Aun así, le daba la lata con que deseaba trabajar para Médicos Sin Fronteras o largarse a Calcuta como una condenada Madre Teresa. Jan Holtser no lo soportaba. El mundo era de los fuertes, según él. Pero quería a su hija, con independencia de las tonterías que soltara, y al día siguiente, por primera vez en seis meses, volvería a casa porque tenía unos cuantos días libres.
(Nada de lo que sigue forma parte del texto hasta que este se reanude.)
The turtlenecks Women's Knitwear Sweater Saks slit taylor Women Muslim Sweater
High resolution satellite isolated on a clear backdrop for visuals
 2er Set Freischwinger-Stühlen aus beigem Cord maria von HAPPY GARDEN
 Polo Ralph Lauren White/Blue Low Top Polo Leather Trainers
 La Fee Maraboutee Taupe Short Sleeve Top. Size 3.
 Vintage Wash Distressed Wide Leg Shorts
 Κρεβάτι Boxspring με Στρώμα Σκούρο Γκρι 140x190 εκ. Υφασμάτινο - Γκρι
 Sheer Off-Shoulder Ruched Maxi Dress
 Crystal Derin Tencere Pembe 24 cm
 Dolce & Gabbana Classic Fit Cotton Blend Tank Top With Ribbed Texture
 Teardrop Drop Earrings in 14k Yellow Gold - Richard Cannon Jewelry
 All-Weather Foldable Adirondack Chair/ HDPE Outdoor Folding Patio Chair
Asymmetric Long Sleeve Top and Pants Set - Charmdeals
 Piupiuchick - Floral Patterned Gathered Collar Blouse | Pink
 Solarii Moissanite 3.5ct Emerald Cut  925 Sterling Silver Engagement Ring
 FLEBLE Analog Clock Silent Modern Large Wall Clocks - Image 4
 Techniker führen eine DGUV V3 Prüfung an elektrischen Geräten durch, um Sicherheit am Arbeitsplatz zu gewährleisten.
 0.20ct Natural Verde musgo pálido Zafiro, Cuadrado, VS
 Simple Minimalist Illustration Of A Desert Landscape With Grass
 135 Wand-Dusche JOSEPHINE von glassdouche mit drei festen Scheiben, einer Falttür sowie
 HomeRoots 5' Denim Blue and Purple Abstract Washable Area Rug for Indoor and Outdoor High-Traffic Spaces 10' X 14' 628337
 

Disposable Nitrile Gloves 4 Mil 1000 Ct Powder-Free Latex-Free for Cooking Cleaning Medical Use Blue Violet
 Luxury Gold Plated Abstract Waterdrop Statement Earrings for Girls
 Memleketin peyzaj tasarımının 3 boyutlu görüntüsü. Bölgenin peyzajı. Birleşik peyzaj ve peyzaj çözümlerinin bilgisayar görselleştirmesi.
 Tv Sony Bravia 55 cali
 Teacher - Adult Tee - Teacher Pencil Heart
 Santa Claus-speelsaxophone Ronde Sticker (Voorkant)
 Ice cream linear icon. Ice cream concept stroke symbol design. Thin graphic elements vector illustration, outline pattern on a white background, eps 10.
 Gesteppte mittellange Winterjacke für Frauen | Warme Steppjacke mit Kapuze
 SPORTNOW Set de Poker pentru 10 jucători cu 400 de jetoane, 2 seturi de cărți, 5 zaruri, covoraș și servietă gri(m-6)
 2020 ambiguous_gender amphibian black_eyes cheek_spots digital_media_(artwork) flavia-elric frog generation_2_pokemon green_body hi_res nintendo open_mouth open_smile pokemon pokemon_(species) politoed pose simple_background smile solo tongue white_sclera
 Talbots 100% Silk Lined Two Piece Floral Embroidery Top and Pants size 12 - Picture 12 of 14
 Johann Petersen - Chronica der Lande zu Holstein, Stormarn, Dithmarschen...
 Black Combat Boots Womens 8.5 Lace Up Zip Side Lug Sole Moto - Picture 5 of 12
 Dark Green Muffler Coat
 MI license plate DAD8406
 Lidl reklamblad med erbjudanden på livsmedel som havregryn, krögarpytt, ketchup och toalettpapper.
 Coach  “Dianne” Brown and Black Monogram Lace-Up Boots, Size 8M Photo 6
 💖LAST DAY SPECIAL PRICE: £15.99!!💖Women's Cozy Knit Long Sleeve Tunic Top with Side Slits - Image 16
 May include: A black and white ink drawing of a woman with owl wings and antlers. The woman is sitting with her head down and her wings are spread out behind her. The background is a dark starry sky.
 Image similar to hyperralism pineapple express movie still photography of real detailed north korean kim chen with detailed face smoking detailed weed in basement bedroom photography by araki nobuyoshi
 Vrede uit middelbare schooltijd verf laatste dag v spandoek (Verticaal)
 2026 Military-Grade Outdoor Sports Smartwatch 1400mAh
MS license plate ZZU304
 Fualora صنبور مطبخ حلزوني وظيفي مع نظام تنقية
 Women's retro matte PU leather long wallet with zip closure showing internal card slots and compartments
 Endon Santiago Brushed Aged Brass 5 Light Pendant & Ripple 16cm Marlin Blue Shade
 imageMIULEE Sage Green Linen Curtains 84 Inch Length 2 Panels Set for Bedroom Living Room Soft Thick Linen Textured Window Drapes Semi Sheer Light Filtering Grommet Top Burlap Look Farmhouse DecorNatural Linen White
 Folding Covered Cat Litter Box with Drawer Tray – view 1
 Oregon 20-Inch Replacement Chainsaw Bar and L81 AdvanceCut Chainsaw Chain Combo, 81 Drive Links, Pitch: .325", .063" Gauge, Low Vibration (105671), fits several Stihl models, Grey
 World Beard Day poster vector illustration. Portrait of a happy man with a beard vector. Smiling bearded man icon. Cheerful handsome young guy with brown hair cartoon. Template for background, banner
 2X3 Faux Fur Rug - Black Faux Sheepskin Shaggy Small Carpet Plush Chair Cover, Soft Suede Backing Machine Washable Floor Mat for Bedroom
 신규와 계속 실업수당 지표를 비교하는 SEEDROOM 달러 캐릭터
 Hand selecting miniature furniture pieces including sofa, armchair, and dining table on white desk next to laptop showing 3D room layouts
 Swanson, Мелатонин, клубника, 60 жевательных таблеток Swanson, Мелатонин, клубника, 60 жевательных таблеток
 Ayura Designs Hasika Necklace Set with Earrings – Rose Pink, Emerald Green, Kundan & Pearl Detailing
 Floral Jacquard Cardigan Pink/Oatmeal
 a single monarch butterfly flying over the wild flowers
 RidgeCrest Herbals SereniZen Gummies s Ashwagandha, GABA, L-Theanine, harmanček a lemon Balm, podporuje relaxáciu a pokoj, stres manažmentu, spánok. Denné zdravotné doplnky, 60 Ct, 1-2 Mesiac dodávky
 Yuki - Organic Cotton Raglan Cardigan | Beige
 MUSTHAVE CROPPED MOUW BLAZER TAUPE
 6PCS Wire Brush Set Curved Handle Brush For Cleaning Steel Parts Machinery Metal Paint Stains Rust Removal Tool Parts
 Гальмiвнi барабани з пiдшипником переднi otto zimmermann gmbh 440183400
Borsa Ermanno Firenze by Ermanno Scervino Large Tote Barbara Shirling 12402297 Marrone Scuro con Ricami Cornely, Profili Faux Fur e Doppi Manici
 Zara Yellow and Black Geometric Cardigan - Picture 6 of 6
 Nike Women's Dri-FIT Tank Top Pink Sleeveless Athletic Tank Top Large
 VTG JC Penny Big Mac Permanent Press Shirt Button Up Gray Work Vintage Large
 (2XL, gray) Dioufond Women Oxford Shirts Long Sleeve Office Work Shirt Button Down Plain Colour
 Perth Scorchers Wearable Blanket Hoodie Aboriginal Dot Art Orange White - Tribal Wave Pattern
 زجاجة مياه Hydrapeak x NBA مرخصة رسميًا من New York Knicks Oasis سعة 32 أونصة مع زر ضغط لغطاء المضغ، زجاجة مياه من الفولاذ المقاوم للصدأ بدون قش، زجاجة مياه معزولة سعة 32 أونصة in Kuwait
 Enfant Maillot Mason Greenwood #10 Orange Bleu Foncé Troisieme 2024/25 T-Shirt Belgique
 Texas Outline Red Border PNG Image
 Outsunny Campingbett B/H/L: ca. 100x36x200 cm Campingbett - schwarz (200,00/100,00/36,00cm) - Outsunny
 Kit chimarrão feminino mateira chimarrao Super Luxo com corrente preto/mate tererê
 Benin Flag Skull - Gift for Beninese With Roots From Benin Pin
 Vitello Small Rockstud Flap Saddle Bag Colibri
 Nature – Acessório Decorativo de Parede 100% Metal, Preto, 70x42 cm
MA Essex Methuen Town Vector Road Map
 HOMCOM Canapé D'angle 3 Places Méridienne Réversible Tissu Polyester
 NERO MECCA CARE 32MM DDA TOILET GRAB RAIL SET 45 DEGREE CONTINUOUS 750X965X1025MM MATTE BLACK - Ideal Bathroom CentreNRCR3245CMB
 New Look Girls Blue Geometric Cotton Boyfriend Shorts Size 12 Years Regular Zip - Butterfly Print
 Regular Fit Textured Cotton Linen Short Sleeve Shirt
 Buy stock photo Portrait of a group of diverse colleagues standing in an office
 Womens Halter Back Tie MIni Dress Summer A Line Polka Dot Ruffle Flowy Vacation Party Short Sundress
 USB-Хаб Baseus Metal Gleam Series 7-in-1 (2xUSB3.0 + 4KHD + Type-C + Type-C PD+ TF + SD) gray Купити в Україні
Holtser se había prometido solemnemente ser más sensible y prestar más atención a lo que ella decía, y abstenerse de darle la brasa con Stalin y los grandes líderes, algo que ella odiaba.

Todo lo contrario: esta vez iba a intentar recuperarla. Estaba seguro de que ella le necesitaba. Y mucho más de que él la necesitaba a ella. Eran las ocho de la noche y se dirigió a la cocina para exprimir tres naranjas y hacerse un zumo. Luego echó vodka Smirnoff en un vaso y se preparó un destornillador. El tercero del día. Siempre que terminaba una misión podía tomarse seis o siete, y quizá hoy también lo haría. Se encontraba cansado y le oprimía la carga de responsabilidad que pesaba sobre sus hombros; necesitaba relajarse. Durante unos minutos se quedó parado con la bebida en la mano soñando con una vida distinta. Pero el hombre que decía llamarse Jan Holtser se forjaba demasiadas ilusiones.

La paz se rompió en cuanto Yuri Bogdanov lo telefoneó a su móvil seguro, protegido de escuchas. En un primer momento Jan esperaba que Yuri sólo deseara charlar un rato para desahogarse y calmar esa excitación que inevitablemente toda misión acarreaba. Pero Bogdanov llamaba por un asunto de lo más concreto, y además sonaba molesto.

—He hablado con T. —dijo y, al oír el nombre, Jan se sintió invadido por un cúmulo de sensaciones. Pero quizá, sobre todo, por los celos.

¿Por qué Kira había llamado a Yuri y no a él? Aunque era Yuri el que aportaba las importantes sumas de dinero y el que era recompensado con los regalos más exclusivos y las más grandes bonificaciones, Jan siempre había estado convencido de que él gozaba de una relación más cercana con Kira. Pero Jan Holtser también sintió inquietud. ¿Qué habría podido ir mal?